Я фотографирую, чтобы выяснить, как это будет выглядеть на фотографии.

– Гэрри Виногранд

Гуггенхеймовские поездки были похожи на сложные поиски кладов, ложные нити мешались с правильными. Друзья вечно направляли нас к своим любимым местам, или видам, или формациям. Иногда эти советы оправдывались, и нам открывались подлинные сокровища Запада, иногда рекомендованное место оказывалось пшиком, и мы проезжали много миль впустую. Я дошла до такой точки, что не могла получить удовольствия от пейзажа, если ради него Эдвард не вытаскивал камеру; так что он не многим рисковал, когда, откинувшись на спинку, говорил: «Я не сплю, просто дам глазам отдохнуть». Он знал, что мои глаза к его услугам, и, как только показывалось что-то в «уэстоновском» вкусе, я останавливала машину и будила его.

– Чарис Уэстон (цитата из книги Бена Мэддоу«Эдвард Уэстон: пятьдесят лет» [1973])

«Полароид SX-70». Он не даст вам остановиться. Вдруг вы видите картину всюду, куда ни упадет взгляд… Вы нажимаете на красную электрическую кнопку. Ж-ж-ж… фш… И вот она. Картина оживает на ваших глазах, становится ярче, проступают подробности, и через несколько минут на отпечатке все, как в жизни. Вскоре вы уже делаете снимок за снимком, каждые полторы секунды! – ищите новые ракурсы, или делаете копии, не сходя с места. SX-70 становится частью вас, без усилий скользя сквозь жизнь.

– Реклама (1975)

Мы рассматриваем фотографию у нас на стене как сам объект (человек, пейзаж и т. д.), который на ней изображен.

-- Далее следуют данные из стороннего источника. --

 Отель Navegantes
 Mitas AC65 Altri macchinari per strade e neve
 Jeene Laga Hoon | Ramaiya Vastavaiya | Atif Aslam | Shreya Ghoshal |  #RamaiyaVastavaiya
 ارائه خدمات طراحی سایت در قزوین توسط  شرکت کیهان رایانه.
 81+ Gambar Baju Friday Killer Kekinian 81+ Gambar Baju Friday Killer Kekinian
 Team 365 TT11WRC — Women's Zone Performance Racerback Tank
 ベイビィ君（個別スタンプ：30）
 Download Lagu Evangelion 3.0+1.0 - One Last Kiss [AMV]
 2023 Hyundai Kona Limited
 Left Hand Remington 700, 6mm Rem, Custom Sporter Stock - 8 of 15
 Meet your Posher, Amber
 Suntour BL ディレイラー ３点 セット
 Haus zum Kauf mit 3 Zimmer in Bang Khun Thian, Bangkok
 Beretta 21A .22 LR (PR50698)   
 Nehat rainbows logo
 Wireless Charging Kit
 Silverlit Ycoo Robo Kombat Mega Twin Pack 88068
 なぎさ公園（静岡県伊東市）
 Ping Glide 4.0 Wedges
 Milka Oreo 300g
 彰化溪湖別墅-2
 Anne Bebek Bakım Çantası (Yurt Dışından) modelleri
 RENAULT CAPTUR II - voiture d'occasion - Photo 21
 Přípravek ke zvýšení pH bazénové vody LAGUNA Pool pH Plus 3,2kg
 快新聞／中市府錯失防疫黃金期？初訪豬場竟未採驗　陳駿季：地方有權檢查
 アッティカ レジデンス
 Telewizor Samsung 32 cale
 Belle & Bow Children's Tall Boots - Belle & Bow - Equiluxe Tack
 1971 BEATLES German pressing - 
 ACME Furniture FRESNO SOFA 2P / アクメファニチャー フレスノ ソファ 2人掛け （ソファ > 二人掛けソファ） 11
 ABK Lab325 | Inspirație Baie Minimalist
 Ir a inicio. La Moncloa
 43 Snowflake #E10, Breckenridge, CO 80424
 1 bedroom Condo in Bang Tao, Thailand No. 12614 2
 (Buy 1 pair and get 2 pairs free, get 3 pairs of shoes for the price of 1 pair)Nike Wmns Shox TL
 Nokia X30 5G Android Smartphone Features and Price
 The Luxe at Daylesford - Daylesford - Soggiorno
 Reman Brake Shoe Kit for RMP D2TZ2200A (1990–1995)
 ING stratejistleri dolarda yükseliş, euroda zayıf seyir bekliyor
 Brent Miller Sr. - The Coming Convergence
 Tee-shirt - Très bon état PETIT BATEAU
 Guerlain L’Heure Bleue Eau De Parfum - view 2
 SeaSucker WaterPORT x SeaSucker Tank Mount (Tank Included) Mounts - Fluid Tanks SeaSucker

Это необязательно было так. Легко вообразить людей, которые иначе относились к таким изображениям. Которых, например, фотографии отталкивали потому, что лицо лишено красок, или, может быть, даже потому, что лицо в уменьшенном масштабе казалось им не человеческим.

– Витгенштейн

Это мгновенный снимок…

разрушающего испытания оси?

размножения вируса?

лабораторной установки?

места преступления?

глаз зеленой черепахи?

таблицы продаж?

хромосомной аберрации?

страницы 173 «Анатомии» Грея?

кардиограммы?

штриховой репродукции полутоновой литографии?

трехмиллионной восьмицентовой марки с Эйзенхауэром?

волосковой трещины в четвертом позвонке?

незаменимого 35-мм слайда?

вашего нового диода в 13-кратном увеличении?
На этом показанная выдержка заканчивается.